PT KIPI Buka Suara Soal Buruknya Jalan di Kawasan

Tanah Kuning, GPriority.co.id – Proyek Strategis Nasional (PSN) PT. Kalimantan Industrial Park Indonesia (KIPI) memberikan penjelasan soal buruknya jalan di Kawasan Proyek. Dalam penjelasannya, saat ini jalan yang digunakan masih dalam proses tukar menukar asset (TMA) dari pemerintah dengan PT KIPI.

Berdasarkan pantauan GPriority dilokasi pada Sabtu (6/7), sebagian besar jalan di Kawasan proyek KIPI terlihat bergelombang dan belum diaspal. Bahkan, beberapa kendaraan tampak bergantian untuk melewati satu-satunya jalan di proyek itu.

“Karena ini asetnya masih pemerintah saat ini lagi proses TMA tukar menukar aset, sehingga kita mau perbaiki pun belum waktunya belum ada izinnya proses dulu untuk TMAnya, setelah selesai baru kita kelola semua,” ujar Project Koordinator PT KIPI, Ahmad Suhandi kepada GPriority di Tanah Kuning, Bulungan pada Sabtu (6/7).

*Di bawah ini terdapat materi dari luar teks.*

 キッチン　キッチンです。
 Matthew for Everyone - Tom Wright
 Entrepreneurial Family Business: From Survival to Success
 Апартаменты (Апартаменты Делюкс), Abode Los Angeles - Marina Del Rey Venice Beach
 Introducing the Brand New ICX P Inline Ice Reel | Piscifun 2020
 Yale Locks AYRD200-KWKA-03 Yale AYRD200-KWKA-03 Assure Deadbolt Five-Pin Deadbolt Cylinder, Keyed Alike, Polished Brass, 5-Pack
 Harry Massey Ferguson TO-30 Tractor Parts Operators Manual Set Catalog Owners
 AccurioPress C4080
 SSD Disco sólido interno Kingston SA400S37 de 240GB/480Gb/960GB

Setelah TMA selesai, Ahmad mengatakan, segera menggarap masterplan yang telah disiapkan. Dia menyebut, jalan lintas provinsi itu bakal digunakan untuk mengangkut keperluan logistik.

“Kita akan gunakan masterplan yang digunakan, jadi mungkin jalan provinsi yang ada atau existing kita gunakan untuk jalur logistik, tapi jalur, kedepannya kita akan menggunakan jalur yang akan kita rencanakan ini jalurnya ada dua untuk kendaraan besar dan kecil, aksesnya kendaraan besar itu untuk produksi dan jalur yang kecil untuk domestik,” tuturnya.

Sebagai informasi, PT KIPI disebut sebagai kawasan industri terbesar di dunia, dengan luas 30.000 hektar. Proyek ini ditargetkan selesai konstruksi pada 2024 dan operasi bertahap mulai 2023, 2024 hingga 2029. Adapun, investasi senilai US$132 miliar itu diperlukan untuk seluruh tahapan konstruksi dan komersialisasi sampai delapan tahun ke depan.